İlk Derece Mahkemesinin yukarıda belirtilen kararına karşı süresi içinde davalı vekili tarafından istinaf başvurusunda bulunulması üzerine Bölge Adliye Mahkemesinin yukarıda tarih ve sayısı belirtilen kararı ile; davacının, dava dışı firmalar ile davalı arasındaki, güvenlik işi hariç enerji üretimini gerçekleştirmek üzere işletme periyodik bakım onarım, revizyon işlerinin toplam 38 kişi ile 2 yıl süreyle yaptırılmasına ilişkin hizmet alım sözleşmesi kapsamında çalıştığı, davacının Tes-İş Sendikasına üye olduğu, imza tarihi itibarıyla üyeliğinin hâlen devam ettiği, dava konusu bakımından 4734 sayılı Kanun'un 62/1-(e) hükmünün uyuşmazlığa uygulanamayacağı, davalı, 4857 sayılı İş Kanunu'nun 2. maddesi kapsamında sorumlu olduğundan İlk Derece Mahkemesinin buna ilişkin kabulünün dosya kapsamına uygun olduğu gerekçesiyle davalı vekilinin istinaf başvurusunun esastan reddine karar verilmiştir.

V. TEMYİZ

A. Temyiz Sebepleri

Davalı vekili temyiz dilekçesinde;

1. Husumet itirazlarının bulunduğunu,

2. Davalı Şirketin ihale makamı olduğunu,

3. Talep edilen alacaklardan sorumluluklarının olmadığını, kamu işveren sendikası tarafından yürütülmeyen ve 6356 sayılı Kanun hükümlerine göre sonuçlandırılmayan toplu iş sözleşmesi için davalı Teşekkülün fiyat farkı ödeyemeyeceğini ileri sürmüştür.

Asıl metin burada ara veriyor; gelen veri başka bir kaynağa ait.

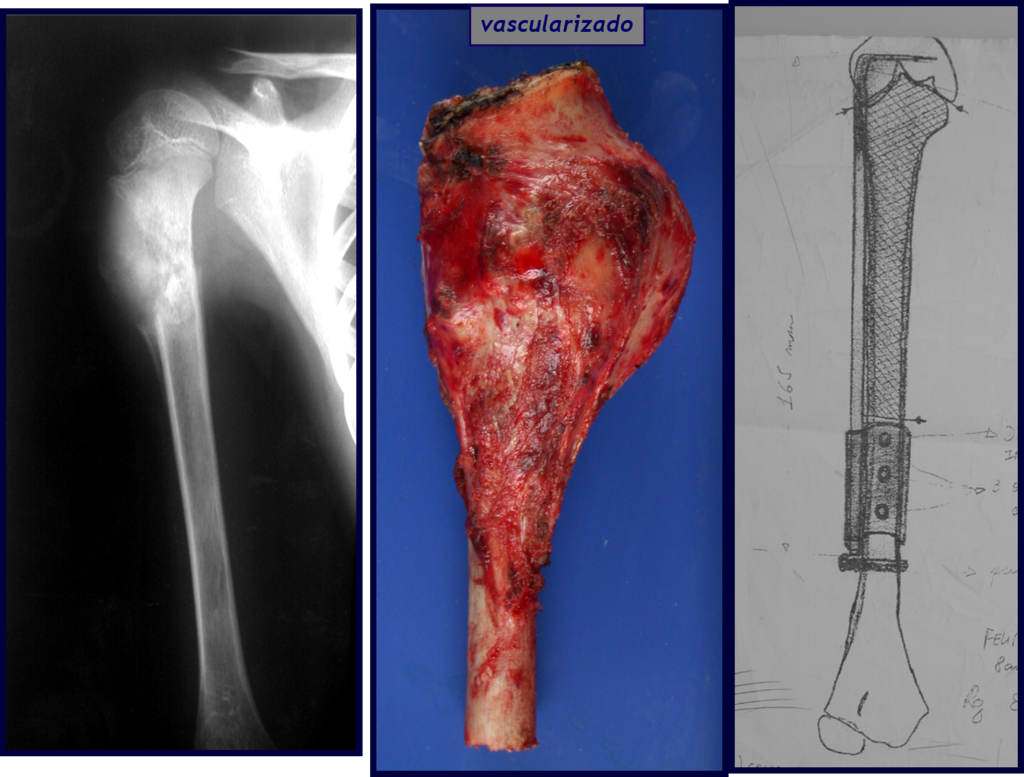 Figura 63: Sarcoma de Ewing do úmero, Quimioterapia + ressecção do tumor. Planejamento da reconstrução com dispositivo de fixação interna extensível.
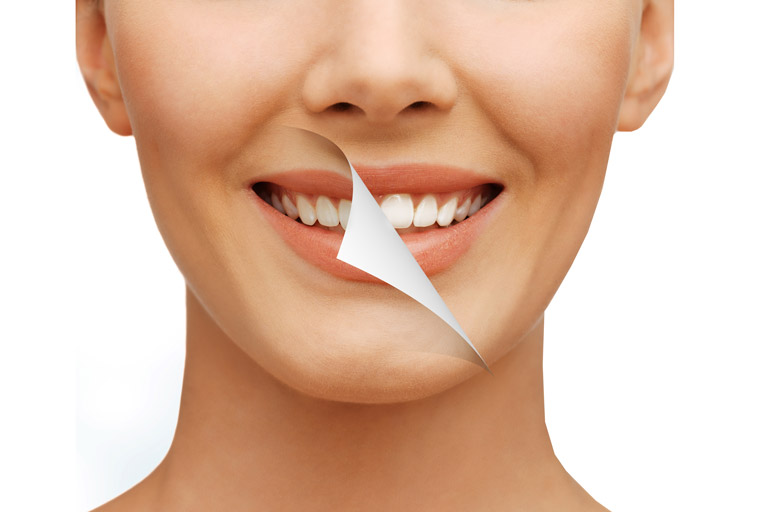 odontologia-estetica-marcelo-venerando-ortodontia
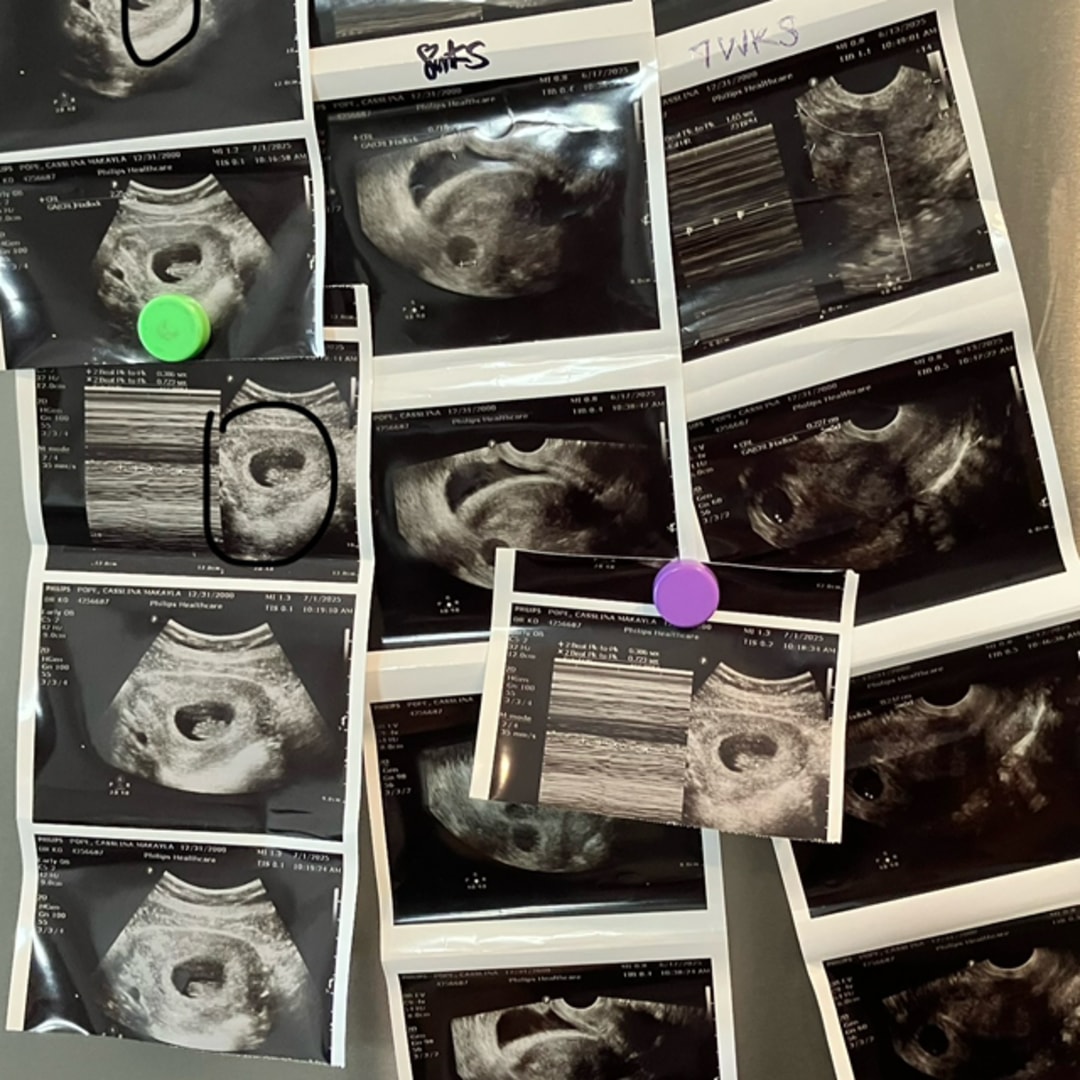 Photo shared by Cassy for their Babylist baby registry.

B. Değerlendirme ve Gerekçe

Uyuşmazlık, davacı işçinin toplu iş sözleşmesinden kaynaklanan alacaklara hak kazanıp kazanmadığı ve bu alacaklardan davalının sorumlu olup olmadığına ilişkindir.

Bölge adliye mahkemelerinin nihai kararlarının bozulması 6100 sayılı Hukuk Muhakemeleri Kanunu'nun (6100 sayılı Kanun) 371. maddesinde yer alan sebeplerden birinin varlığı hâlinde mümkündür.

Temyizen incelenen karar, tarafların karşılıklı iddia ve savunmalarına, dayandıkları belgelere, uyuşmazlığa uygulanması gereken hukuk kuralları ile hukuki ilişkinin nitelendirilmesine, dava şartlarına, yargılama ve ispat kuralları ile kararda belirtilen gerekçelere göre usul ve kanuna uygun olup davalı vekilinin temyiz dilekçesinde ileri sürülen nedenler kararın bozulmasını gerektirecek nitelikte görülmemiştir.

VI. KARAR

Açıklanan sebeplerle;

Temyiz olunan Bölge Adliye Mahkemesi kararının 6100 sayılı Kanun'un 370/1 hükmü uyarınca ONANMASINA,

Aşağıda yazılı temyiz giderinin temyiz edene yükletilmesine,

Dosyanın İlk Derece Mahkemesine, kararın bir örneğinin Bölge Adliye Mahkemesine gönderilmesine,

24.04.2025 tarihinde oy birliğiyle karar verildi.